WORK INSTRUCTIONS
Excluding all pictures, please output the listing exactly.
━━━ RECORDED INFORMATION
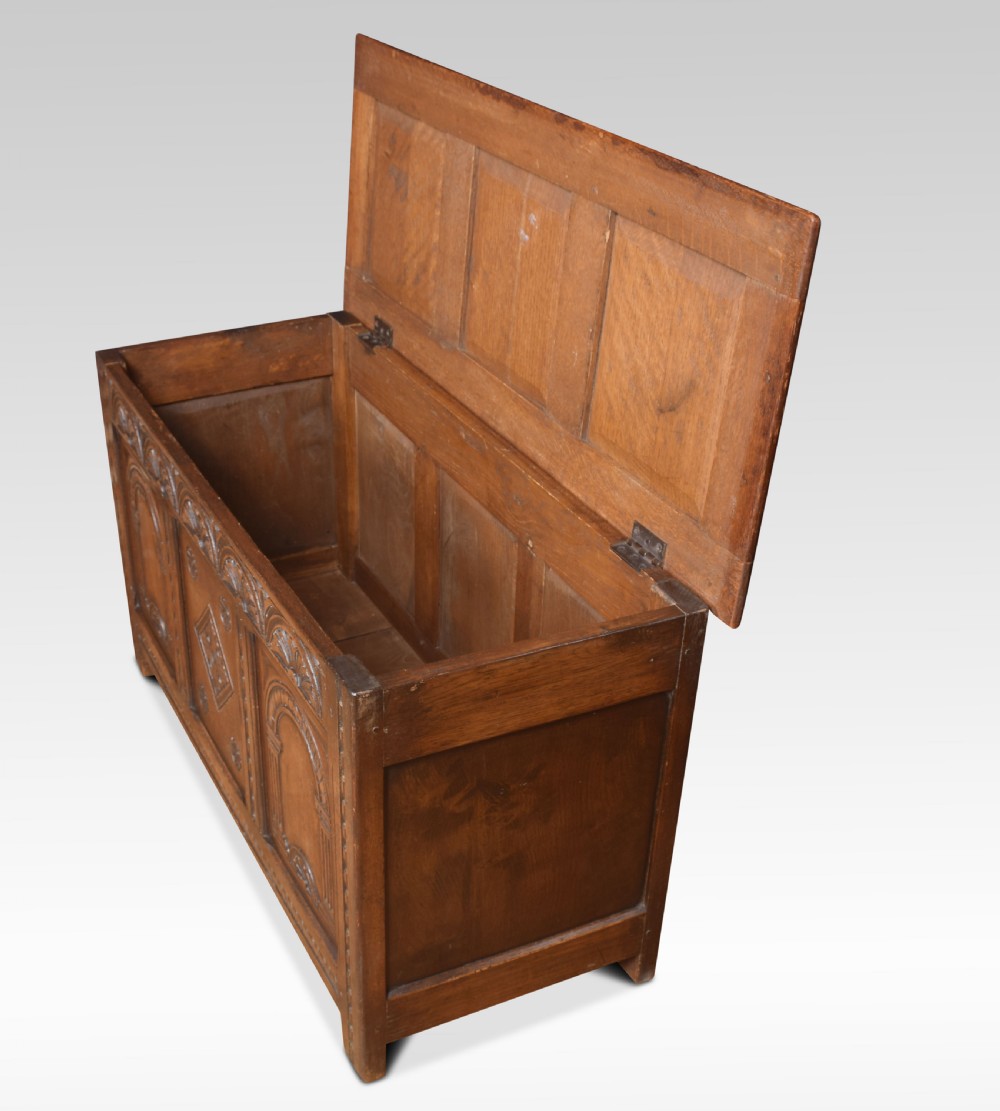 Oak carved coffer chest View VI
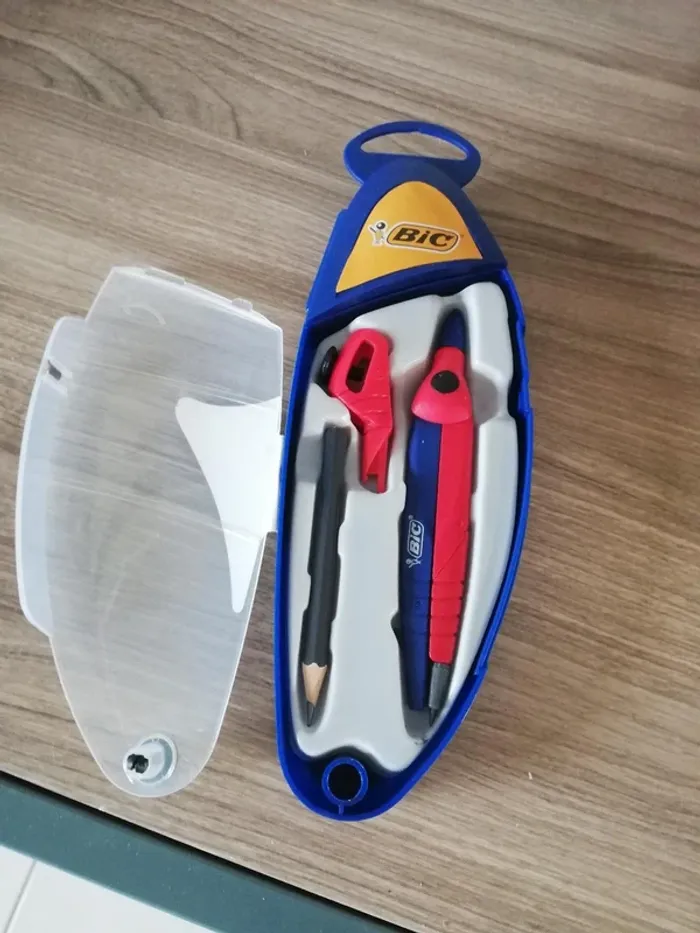 Petit lot de fournitures pour primaire - photo numéro 8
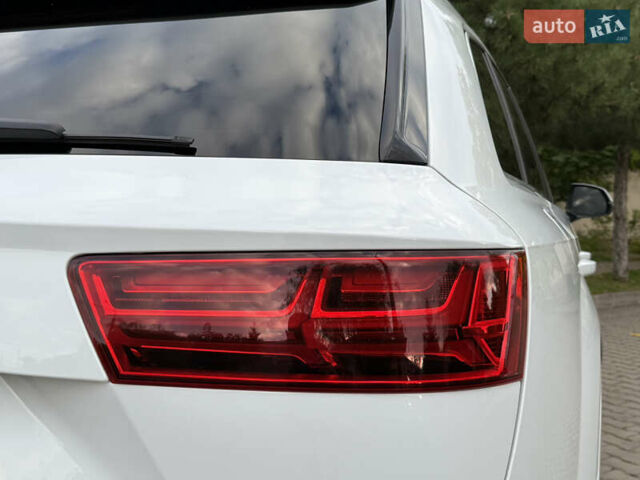 Белый Ауди Ку 7, объемом двигателя 3 л и пробегом 108 тыс. км за 31700 $, фото 22 на Automoto.ua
━━━━━━
EXERCISE SOLUTION
 Oak carved coffer chest View VI
 Petit lot de fournitures pour primaire - photo numéro 8
 Белый Ауди Ку 7, объемом двигателя 3 л и пробегом 108 тыс. км за 31700 $, фото 22 на Automoto.ua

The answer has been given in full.